A Igreja Universal e seus demônios

Há quase 20 anos o antropólogo Ronaldo de Almeida estuda as religiões pentecostais brasileiras. Em seu novo livro, "A Igreja Universal e seus demônios" (Terceiro Nome/Fapesp), ele faz um resumo da expansão do pentecostalismo no Brasil, e examina uma das protagonistas desse crescimento, a Igreja Universal do Reino de Deus. Pesquisador do Cebrap e professor da Unicamp, Almeida mostra como o antagonismo com outras religiões (em especial a umbanda) é fundamental para a Universal definir sua identidade. Nesta entrevista, o antropólogo analisa esse processo de "satanização da fé inimiga", e explica como o discurso da Universal se adapta às exigências do capitalismo contemporâneo.

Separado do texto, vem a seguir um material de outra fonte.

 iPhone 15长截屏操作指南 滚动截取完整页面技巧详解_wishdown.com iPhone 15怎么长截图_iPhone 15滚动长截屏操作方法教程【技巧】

Você diz que é no confronto com outras religiões que a Igreja Universal define seus contornos. Poderia falar um pouco sobre isso?

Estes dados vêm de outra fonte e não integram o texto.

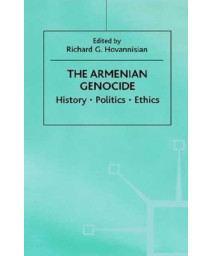 The Armenian Genocide: History, Politics, Ethics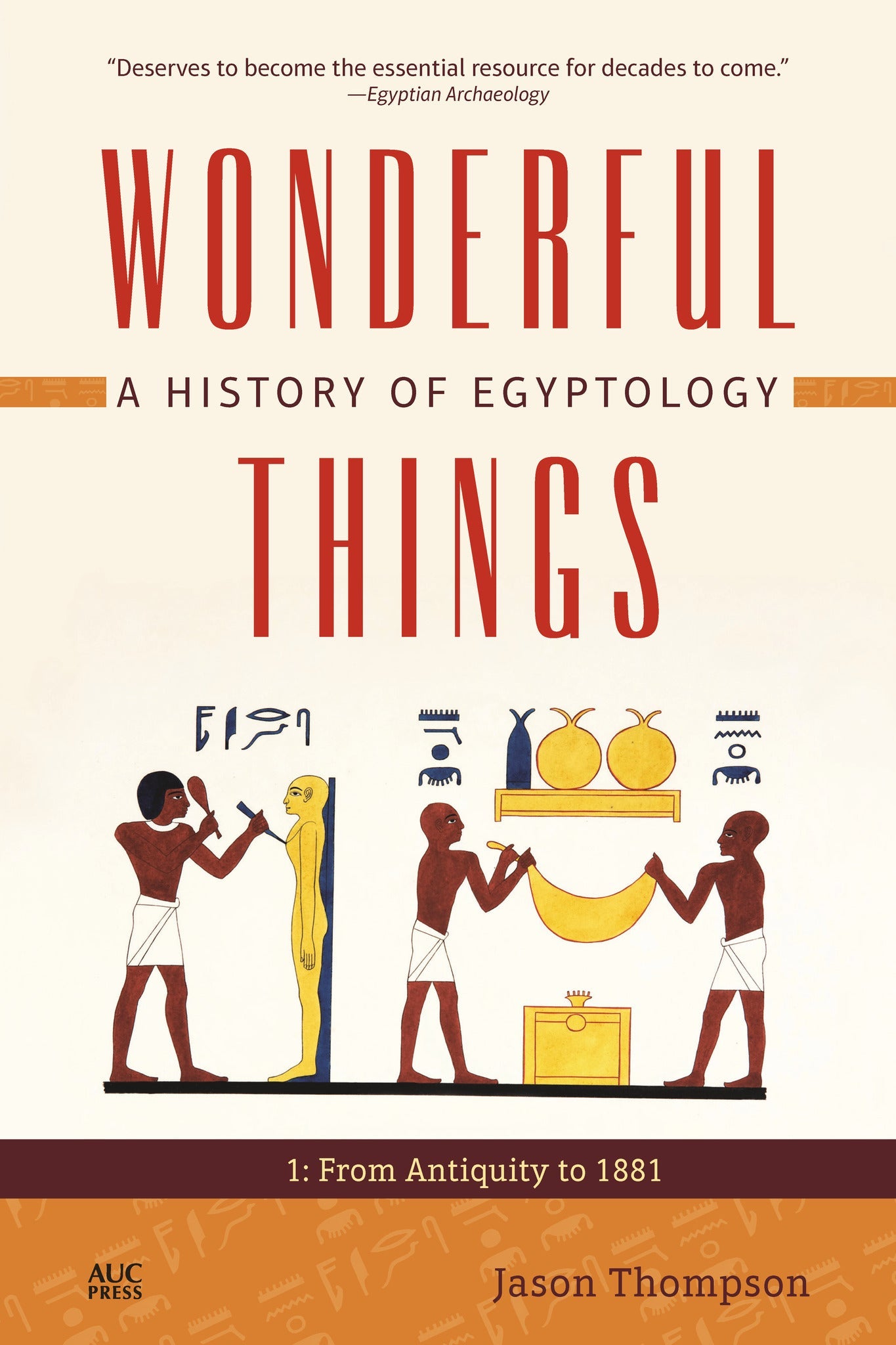 Cover image for Wonderful Things: A History of Egyptology, Volume 1: ISBN 9781617976360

A tese do livro é que a Igreja Universal constituiu seu universo simbólico tendo como referência principal o seio do qual é fruto (os evangélicos pentecostais) mas também teve como contraponto esse caldo religioso "católico-afro-kardecista" disseminado pela sociedade brasileira. Ela é uma religiosidade que assimila e re-elabora conteúdos simbólicos e práticas rituais de outras religiões localizando-os no pólo negativo da fé cristã. Em resumo, suas práticas passam pela demonização do outro, mas ao mesmo tempo incorpora suas formas de apresentação. Assim, ela nos dá a impressão de combater aquilo do qual se alimenta o seu próprio discurso religioso. Daí o titulo "A Igreja Universal e seus demônios", que a meu ver sintetiza uma de suas formas de expansão.

A umbanda é a principal "antagonista" religiosa da Universal? Por que você acha que ela fez essa escolha?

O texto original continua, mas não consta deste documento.